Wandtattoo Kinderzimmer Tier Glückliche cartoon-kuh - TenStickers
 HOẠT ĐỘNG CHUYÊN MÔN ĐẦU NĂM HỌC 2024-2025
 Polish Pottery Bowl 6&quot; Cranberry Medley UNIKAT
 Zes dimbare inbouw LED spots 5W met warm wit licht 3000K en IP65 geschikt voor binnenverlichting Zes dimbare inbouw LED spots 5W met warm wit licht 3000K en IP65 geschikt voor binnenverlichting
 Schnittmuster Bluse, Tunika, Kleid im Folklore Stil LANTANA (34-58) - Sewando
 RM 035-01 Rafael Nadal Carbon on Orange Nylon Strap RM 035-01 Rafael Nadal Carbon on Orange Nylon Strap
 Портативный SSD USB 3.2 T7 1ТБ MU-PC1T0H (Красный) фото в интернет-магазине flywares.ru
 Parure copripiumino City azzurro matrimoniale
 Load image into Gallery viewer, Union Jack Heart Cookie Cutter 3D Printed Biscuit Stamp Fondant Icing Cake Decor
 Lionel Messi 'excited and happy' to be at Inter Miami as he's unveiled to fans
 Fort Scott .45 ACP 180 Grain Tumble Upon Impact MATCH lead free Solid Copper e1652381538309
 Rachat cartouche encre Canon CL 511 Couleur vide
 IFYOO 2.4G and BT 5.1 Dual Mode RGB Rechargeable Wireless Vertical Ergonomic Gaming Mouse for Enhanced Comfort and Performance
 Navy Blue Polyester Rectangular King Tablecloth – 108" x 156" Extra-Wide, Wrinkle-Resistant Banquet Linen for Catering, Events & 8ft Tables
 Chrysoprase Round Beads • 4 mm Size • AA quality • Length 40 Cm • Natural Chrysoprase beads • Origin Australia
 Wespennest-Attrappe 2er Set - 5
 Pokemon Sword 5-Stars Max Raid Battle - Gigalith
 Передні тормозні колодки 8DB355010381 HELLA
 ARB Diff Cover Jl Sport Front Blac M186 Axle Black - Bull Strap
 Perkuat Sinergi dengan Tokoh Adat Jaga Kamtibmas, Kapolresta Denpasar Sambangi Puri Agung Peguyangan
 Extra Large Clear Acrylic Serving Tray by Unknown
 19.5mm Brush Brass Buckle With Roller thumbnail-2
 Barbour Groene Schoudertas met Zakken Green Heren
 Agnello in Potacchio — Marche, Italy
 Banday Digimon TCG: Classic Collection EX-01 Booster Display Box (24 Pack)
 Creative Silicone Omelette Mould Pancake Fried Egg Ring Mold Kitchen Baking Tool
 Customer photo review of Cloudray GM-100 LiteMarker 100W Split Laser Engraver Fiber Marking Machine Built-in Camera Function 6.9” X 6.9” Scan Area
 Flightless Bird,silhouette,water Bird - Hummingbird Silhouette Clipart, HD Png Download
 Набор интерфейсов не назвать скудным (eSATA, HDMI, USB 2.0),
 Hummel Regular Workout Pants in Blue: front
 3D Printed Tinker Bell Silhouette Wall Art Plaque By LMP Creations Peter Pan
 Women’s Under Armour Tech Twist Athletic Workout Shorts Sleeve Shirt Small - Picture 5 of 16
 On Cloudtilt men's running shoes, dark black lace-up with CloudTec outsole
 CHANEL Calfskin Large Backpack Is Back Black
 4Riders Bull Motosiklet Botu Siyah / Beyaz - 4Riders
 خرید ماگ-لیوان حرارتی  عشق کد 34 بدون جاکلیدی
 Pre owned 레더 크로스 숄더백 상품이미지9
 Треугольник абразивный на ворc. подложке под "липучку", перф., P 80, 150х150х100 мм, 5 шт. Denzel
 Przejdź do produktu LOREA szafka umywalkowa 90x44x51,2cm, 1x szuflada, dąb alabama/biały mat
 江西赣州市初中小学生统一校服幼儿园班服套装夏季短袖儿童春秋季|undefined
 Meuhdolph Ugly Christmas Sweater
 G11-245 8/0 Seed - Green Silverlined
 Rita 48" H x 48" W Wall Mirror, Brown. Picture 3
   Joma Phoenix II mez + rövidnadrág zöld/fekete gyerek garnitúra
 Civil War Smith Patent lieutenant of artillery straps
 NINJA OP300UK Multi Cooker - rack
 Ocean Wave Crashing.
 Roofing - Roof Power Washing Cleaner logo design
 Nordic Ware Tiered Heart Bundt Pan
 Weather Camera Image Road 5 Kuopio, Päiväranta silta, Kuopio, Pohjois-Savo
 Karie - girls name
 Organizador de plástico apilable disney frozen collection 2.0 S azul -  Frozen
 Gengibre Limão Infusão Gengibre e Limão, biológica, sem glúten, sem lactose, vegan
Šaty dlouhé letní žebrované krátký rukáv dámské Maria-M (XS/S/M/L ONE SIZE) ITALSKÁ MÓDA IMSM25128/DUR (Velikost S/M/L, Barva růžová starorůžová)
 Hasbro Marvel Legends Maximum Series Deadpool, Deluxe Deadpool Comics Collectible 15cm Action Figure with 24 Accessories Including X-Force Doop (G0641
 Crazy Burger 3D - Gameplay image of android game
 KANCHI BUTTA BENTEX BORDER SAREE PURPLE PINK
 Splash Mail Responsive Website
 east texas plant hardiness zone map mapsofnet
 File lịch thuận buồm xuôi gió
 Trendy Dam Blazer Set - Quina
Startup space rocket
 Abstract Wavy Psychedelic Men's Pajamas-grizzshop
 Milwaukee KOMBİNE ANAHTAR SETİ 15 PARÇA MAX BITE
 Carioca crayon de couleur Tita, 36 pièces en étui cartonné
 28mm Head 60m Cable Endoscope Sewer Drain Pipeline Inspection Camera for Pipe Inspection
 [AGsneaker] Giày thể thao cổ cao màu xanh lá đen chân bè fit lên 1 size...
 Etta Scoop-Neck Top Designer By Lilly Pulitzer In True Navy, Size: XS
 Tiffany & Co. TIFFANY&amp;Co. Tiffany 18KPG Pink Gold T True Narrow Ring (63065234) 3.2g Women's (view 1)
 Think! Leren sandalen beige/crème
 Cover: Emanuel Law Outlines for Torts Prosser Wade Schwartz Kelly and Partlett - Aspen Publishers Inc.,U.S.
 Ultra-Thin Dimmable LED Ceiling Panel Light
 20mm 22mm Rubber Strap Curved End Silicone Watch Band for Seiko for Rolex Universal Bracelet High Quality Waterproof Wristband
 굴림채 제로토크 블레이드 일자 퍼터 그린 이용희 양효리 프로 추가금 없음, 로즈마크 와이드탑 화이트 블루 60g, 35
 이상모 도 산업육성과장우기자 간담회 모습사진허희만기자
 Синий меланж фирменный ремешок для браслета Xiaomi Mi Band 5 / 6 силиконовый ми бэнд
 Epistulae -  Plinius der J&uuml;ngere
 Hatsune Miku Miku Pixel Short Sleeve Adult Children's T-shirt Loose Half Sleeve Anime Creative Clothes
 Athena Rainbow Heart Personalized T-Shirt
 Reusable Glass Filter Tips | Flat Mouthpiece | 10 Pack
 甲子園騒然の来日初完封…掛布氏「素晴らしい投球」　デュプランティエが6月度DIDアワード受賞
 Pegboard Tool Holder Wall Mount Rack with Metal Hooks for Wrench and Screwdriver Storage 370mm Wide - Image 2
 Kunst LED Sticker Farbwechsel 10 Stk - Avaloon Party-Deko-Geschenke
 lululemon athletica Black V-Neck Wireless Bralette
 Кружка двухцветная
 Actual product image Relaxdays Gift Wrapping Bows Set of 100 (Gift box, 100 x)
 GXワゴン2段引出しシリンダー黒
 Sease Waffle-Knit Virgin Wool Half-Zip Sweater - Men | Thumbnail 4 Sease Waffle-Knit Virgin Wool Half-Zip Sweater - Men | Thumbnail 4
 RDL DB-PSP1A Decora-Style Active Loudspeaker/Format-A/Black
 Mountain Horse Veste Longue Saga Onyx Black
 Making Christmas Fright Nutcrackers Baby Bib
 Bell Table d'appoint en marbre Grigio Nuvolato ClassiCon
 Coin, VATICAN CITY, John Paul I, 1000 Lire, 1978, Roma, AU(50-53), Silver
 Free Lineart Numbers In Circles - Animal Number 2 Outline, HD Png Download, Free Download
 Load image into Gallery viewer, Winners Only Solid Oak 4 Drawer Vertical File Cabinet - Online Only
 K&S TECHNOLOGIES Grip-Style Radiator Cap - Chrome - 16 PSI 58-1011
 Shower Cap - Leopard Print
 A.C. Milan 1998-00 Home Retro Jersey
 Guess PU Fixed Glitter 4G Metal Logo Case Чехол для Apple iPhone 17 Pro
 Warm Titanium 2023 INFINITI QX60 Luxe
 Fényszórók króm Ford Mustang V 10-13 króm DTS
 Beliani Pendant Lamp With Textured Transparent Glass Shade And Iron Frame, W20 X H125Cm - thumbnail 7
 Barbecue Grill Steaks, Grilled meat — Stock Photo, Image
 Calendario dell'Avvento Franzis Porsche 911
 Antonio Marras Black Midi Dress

******************************

# WHAT YOU ARE ASKED TO DO
Would you retype the lines above from the one with "Портативный SSD USB" down to the one with "Pokemon Sword 5-Stars", word for word, both ends included and no other lines?

# ANSWER FOR THIS EXERCISE
 Портативный SSD USB 3.2 T7 1ТБ MU-PC1T0H (Красный) фото в интернет-магазине flywares.ru
 Parure copripiumino City azzurro matrimoniale
 Load image into Gallery viewer, Union Jack Heart Cookie Cutter 3D Printed Biscuit Stamp Fondant Icing Cake Decor
 Lionel Messi 'excited and happy' to be at Inter Miami as he's unveiled to fans
 Fort Scott .45 ACP 180 Grain Tumble Upon Impact MATCH lead free Solid Copper e1652381538309
 Rachat cartouche encre Canon CL 511 Couleur vide
 IFYOO 2.4G and BT 5.1 Dual Mode RGB Rechargeable Wireless Vertical Ergonomic Gaming Mouse for Enhanced Comfort and Performance
 Navy Blue Polyester Rectangular King Tablecloth – 108" x 156" Extra-Wide, Wrinkle-Resistant Banquet Linen for Catering, Events & 8ft Tables
 Chrysoprase Round Beads • 4 mm Size • AA quality • Length 40 Cm • Natural Chrysoprase beads • Origin Australia
 Wespennest-Attrappe 2er Set - 5
 Pokemon Sword 5-Stars Max Raid Battle - Gigalith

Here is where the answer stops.